Une concurrence par le bas
Plus petit, avec une cabine de 10,3 m contre 13,9 m, le Dornier 328 n’est pas pour l’instant un concurrent direct de l’ATR 42. Il affiche ainsi une capacité de 32 sièges contre 48 pour l’avion franco-italien. La situation pourrait changer avec le D328NEU, DRA étudiant a priori la possibilité d’allonger l’appareil pour le porter à 39 sièges. En effet, 328SSG détient les droits de propriété intellectuelle sur le Dornier 328, ainsi que sur sa variante à turbosoufflantes.
Même à 32 sièges, le D328NEU pourrait tout de même contrarier l’hégémonie annoncée de l’ATR 42-600. Il va ainsi offrir une alternative aux compagnies aériennes qui ne souhaitent pas passer de 30 à 50 sièges – même si la tendance reste à l’adoption de modules plus importants. Jusqu’ici, celles-ci n’avaient pas le choix pour renouveler leurs flottes du fait du manque de compétiteurs. De même, le D328NEU devrait disposer d’opportunités sur des marchés de niches : îles, pistes courtes, ouvertures de ligne, etc… Un marché que DRA estime en croissance.
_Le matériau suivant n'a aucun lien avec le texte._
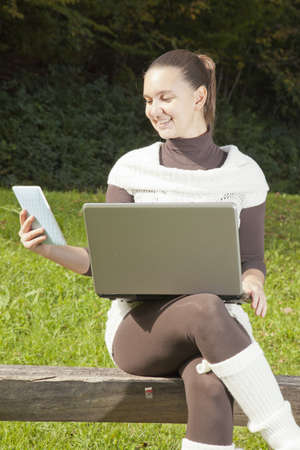 Cute girl in dilemma what to use, bigger, old and heavy notebook or modern tablet PC e-reader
L’avion allemand devrait ainsi pouvoir opérer sur une longueur de piste de 1 088 m à masse maximale (MTOW et MLW), soit 80 m de moins que l’ATR 42-600. Le D328NEU devrait aussi être décliné dans des versions de transport de fret et de missions (recherche, surveillance de frontières, etc.).
Modernisation en profondeur
Il reste néanmoins du chemin à DRA avant d’arriver à prendre des parts de marché à ATR. Le constructeur allemand va devoir faire subir une profonde cure de rajeunissement à son appareil, mis en service au début des années 1990. Une démarche qui n’est pas sans rappeler celle menée par le groupe suisse RUAG avec le Dornier 228 dans les années 2000. DRA pourrait notamment s’appuyer sur le travail entrepris précédemment par TRJet, société créée en 2015 par SNC et 328SSG pour relancer, déjà, le Dornier 328 en Turquie. Cette première tentative n’a pas été couronnée de succès et a été abandonnée de fait au profit du projet actuel.
DRA pourrait ainsi intégrer de nouveaux moteurs et une nouvelle avionique. TRJet avait opté en son temps pour les PW127 de Pratt & Whitney Canada afin de remplacer les PW119, ainsi que la Pro Line Fusion de Collins Aerospace en lieu et place de la Primus 2000 fournie par Honeywell. Interrogé sur ces possibilités, DRA n’a pas souhaité répondre. Le constructeur allemand s’est contenté d’annoncer que davantage d’informations seraient dévoilées au premier trimestre 2020.